BRIEF: Nothing is needed except the lines below that run from the one with "Air supports life" through the one with "But how does", repeated exactly.
===== EXTRACTED DATA =====
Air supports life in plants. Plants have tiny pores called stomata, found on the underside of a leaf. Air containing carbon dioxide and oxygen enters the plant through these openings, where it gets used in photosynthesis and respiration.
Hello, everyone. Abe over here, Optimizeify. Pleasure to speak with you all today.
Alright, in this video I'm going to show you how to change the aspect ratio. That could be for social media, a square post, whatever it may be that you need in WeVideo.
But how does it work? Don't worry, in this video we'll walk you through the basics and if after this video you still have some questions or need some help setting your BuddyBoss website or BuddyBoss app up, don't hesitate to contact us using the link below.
=====
===== EXTRACTED DATA =====
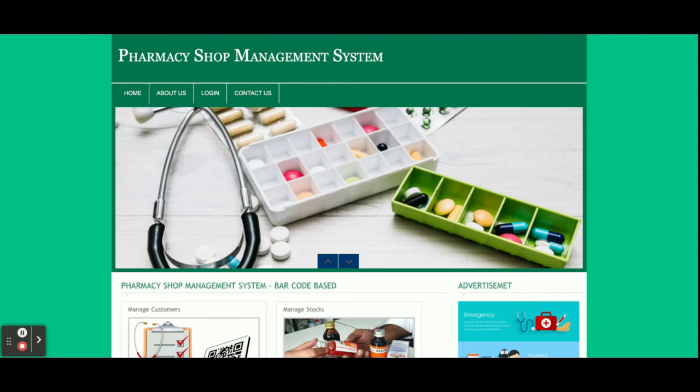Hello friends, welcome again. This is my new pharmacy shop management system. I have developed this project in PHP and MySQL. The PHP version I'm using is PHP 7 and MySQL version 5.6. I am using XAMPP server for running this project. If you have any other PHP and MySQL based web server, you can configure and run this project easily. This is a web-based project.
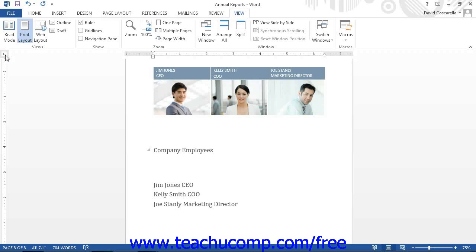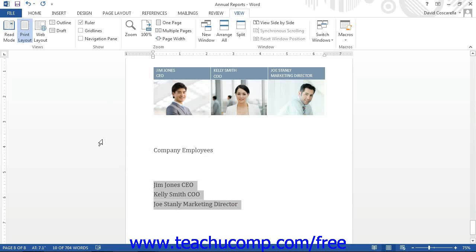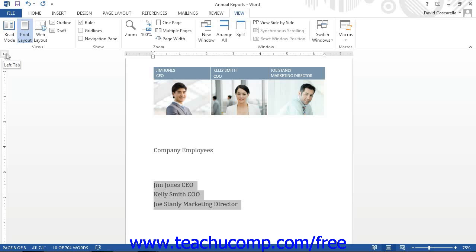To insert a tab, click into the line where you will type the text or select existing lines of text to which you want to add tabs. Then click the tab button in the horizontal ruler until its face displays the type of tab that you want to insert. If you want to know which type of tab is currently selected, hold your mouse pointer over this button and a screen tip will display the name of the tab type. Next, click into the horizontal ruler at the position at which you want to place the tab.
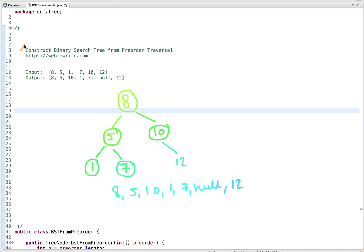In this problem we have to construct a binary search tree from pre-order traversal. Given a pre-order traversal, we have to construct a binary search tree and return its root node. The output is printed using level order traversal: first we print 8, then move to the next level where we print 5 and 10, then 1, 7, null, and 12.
=====
===== EXTRACTED DATA =====
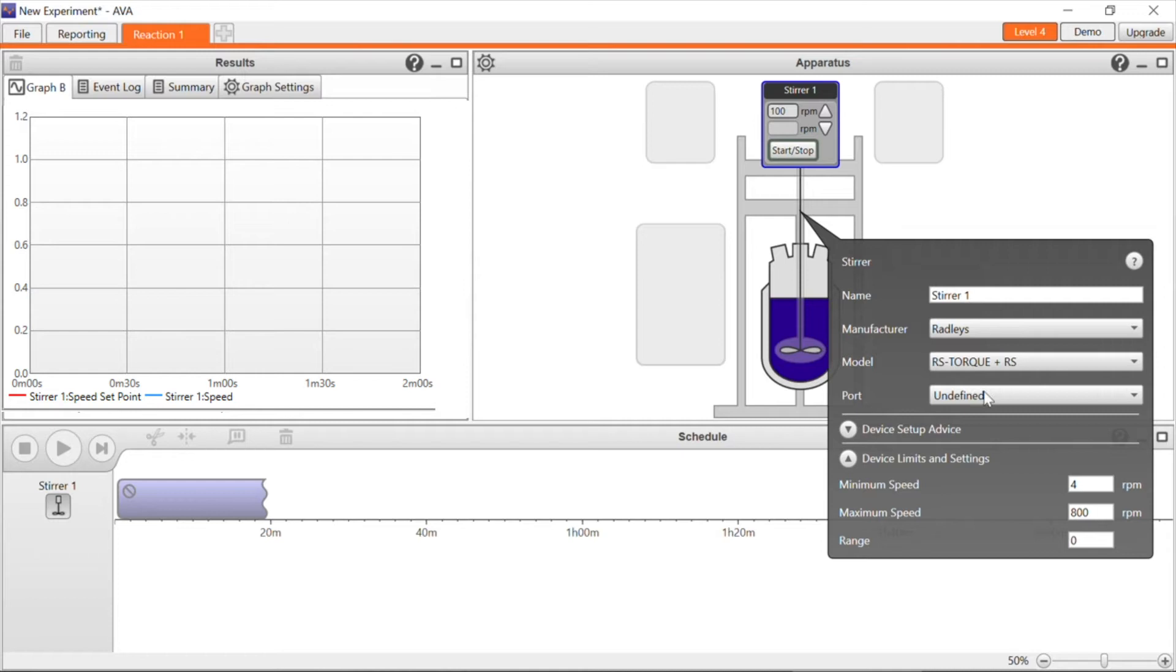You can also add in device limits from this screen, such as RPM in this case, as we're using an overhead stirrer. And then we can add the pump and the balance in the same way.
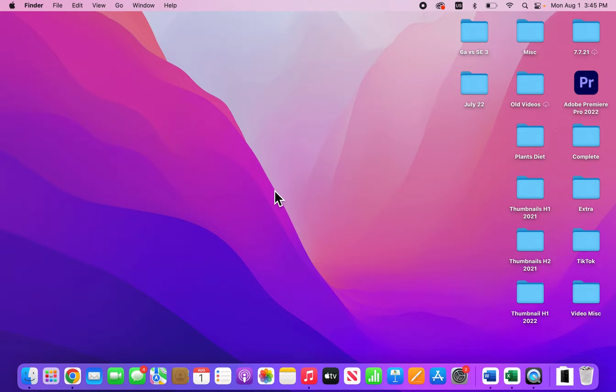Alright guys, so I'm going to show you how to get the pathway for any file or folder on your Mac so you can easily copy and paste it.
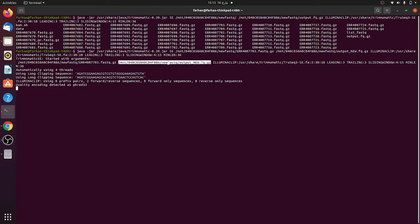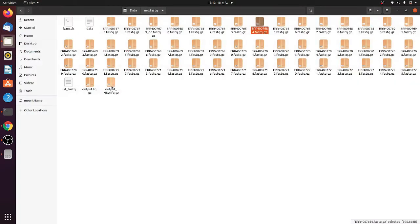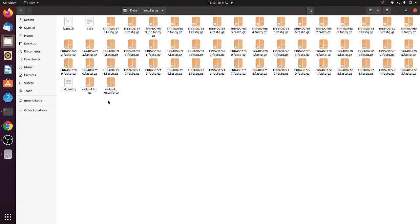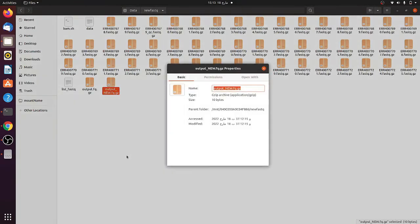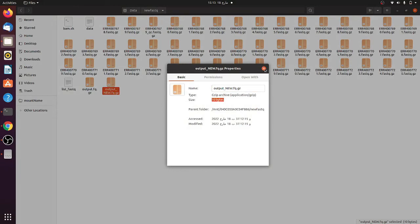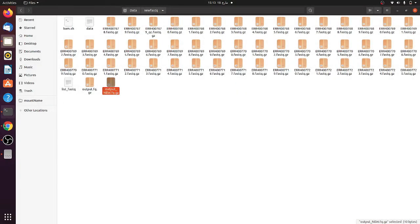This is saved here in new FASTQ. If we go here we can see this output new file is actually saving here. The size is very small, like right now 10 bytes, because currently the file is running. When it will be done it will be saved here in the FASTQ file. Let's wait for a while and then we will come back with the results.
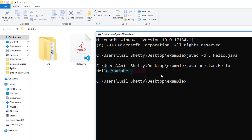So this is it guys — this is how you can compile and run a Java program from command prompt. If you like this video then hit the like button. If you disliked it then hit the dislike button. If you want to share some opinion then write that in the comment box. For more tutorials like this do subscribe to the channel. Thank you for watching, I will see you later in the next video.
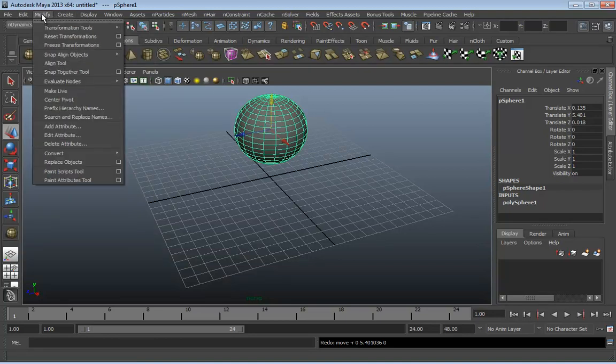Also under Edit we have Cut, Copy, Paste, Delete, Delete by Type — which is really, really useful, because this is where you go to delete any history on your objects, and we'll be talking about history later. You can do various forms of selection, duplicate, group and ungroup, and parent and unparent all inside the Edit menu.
=====
RESPONSE:
Air supports life in plants. Plants have tiny pores called stomata, found on the underside of a leaf. Air containing carbon dioxide and oxygen enters the plant through these openings, where it gets used in photosynthesis and respiration.
Hello, everyone. Abe over here, Optimizeify. Pleasure to speak with you all today.
Alright, in this video I'm going to show you how to change the aspect ratio. That could be for social media, a square post, whatever it may be that you need in WeVideo.
But how does it work? Don't worry, in this video we'll walk you through the basics and if after this video you still have some questions or need some help setting your BuddyBoss website or BuddyBoss app up, don't hesitate to contact us using the link below.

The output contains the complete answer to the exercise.